Les Alchimies de Sarah Chiche : le deuil et le génie
Sortie le 18 août, au Seuil
Camille Cambon, médecin légiste, fait parler les morts et réconforte les familles, au sein d’un hôpital ravagé par la crise, les coupes budgétaires et la toxicité managériale. Séparée de son compagnon, en conflit avec sa fille qui lui reproche de trop travailler et de la délaisser, elle tente, tant bien que mal, de garder la tête hors de l’eau. La réception d’un mail anonyme relatif au peintre Francisco de Goya et à la disparition de son crâne, volé après son inhumation à Bordeaux en 1828, et qui n’a jamais été retrouvé, va faire vaciller l’équilibre précaire sur lequel repose sa vie. Les parents de Camille et son parrain, tous les trois médecins et décédés, étaient fascinés par l’œuvre et le destin de Goya. Pierre Cambon, le père de Camille, a même écrit un essai sur le peintre : Goya, mystères d’un génie. À travers le fantôme de Goya, c’est tout le passé de Camille qui se manifeste.
Après avoir traité la question du deuil de la mère dans Les Enténébrés (2019) et du deuil du père dans Saturne (2020), Sarah Chiche étend son travail sur le traumatisme de la perte et comment vivre avec ce vide au travers d’un personnage fictif, qui doit aussi gérer la mort de son parrain, Alexandre Rouanet, neurologue reconnu, ainsi que l’héritage d’une quête irrésolue. À travers la recherche du crâne de Goya, sa famille cherchait des indices sur la manière dont le génie se manifeste dans la tête des gens. À quel moment et pourquoi la transcendance se produit ? Comment Goya, peintre académique et carriériste, s’est-il métamorphosé du jour au lendemain en démiurge de l’art ?
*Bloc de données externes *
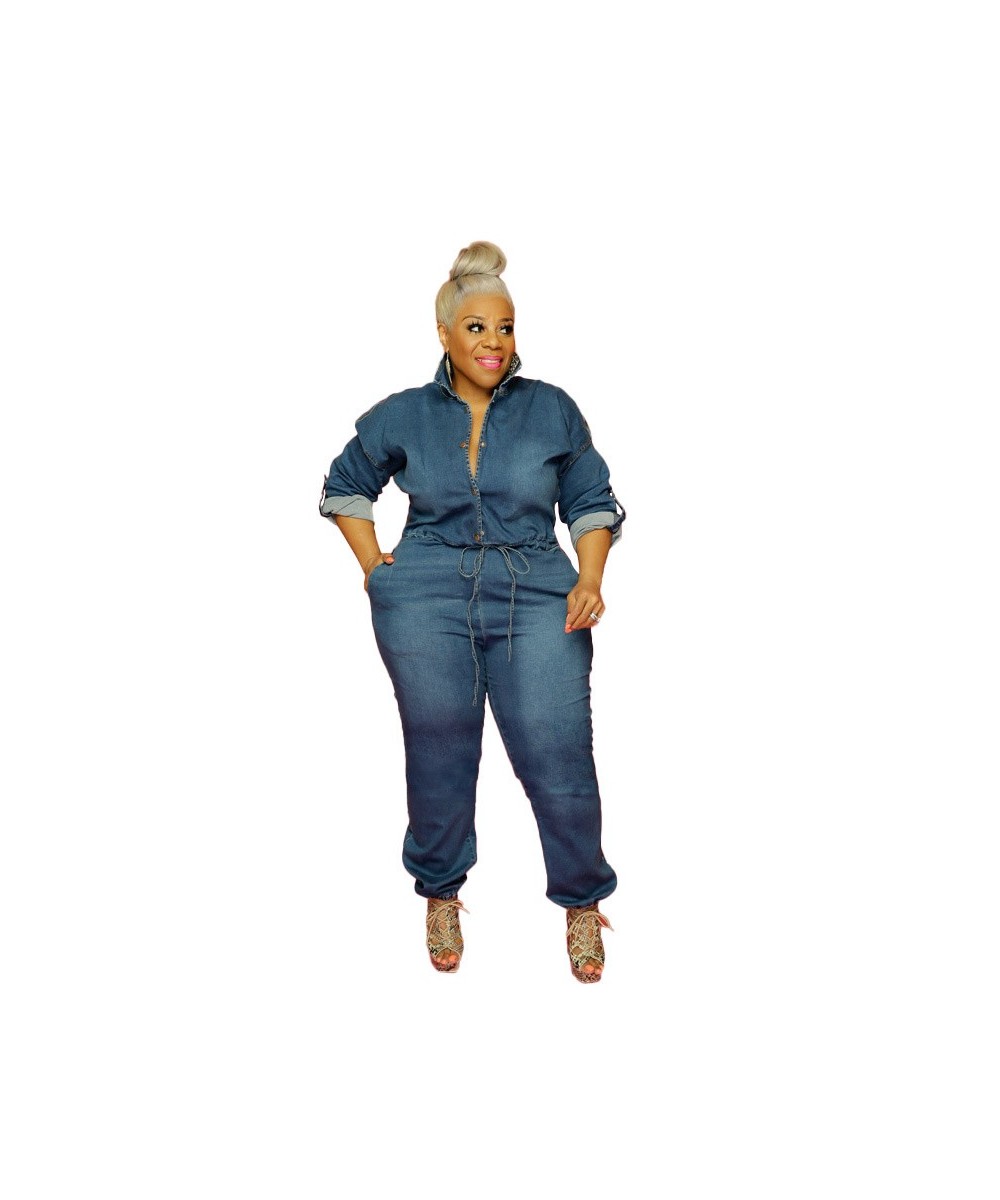 Plus Size Bottoms for Women Jumpsuits Rompers Fall Long Sleeve Sexy Backless Denim Overalls Jumpsuit Wholesale $56.89 - Plus ...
La vanité intitulée « Crâne de Goya », réalisée par le peintre Dionisio Fierros, est également au cœur du roman. Elle fait partie du mystère, tout en rappelant la futilité de la vie, tel un écho au travail de médecin légiste de Camille Cambon. Connaître le destin des morts serait alors le seul moyen de redonner du sens à l’existence. Les Alchimies devient une psychanalyse où la patiente, au lieu de chercher dans ses souvenirs, enquête sur son passé. Découvrir son histoire et ce qu’on doit en faire devient l’horizon de la thérapie, et les passions, le savoir et les déviances des parents, autant de clés à associer à la bonne serrure pour trouver un moyen de poursuivre sa route.
Dans son essai sur Goya, Saturne (1950), cité dans Les Alchimies et qui porte le même nom que le précédent roman de Sarah Chiche, André Malraux s’interroge sur la nécessité d’analyser les œuvres en fonction de leur contexte politique et social, sans pour autant les limiter à celui-ci et diminuer le geste esthétique de l’artiste. Sarah Chiche prolonge cette réflexion – le génie est-il contextuel ou autogénéré ? – par la fiction, en l’enrichissant d’un point de vue scientifique. Que se passe-t-il dans le cerveau quand il se manifeste d’une façon si puissante qu’il y aura un avant et un après ? Une question à la lisière de l’art et de la neurologie si vertigineuse que Camille Cambon subit elle-même une attaque cérébrale.
Les Alchimies est une aventure passionnante, pleine de signes et d’idées. Un livre sur les messages cachés au cœur des œuvres, et sur les différents niveaux d’interprétations que l’on peut en tirer. De manière méta, il s’agit aussi en soi d’un roman empli de références et de parallèles secrets à débusquer. Le genre de livre, qui pourra lui-même être longuement analysé.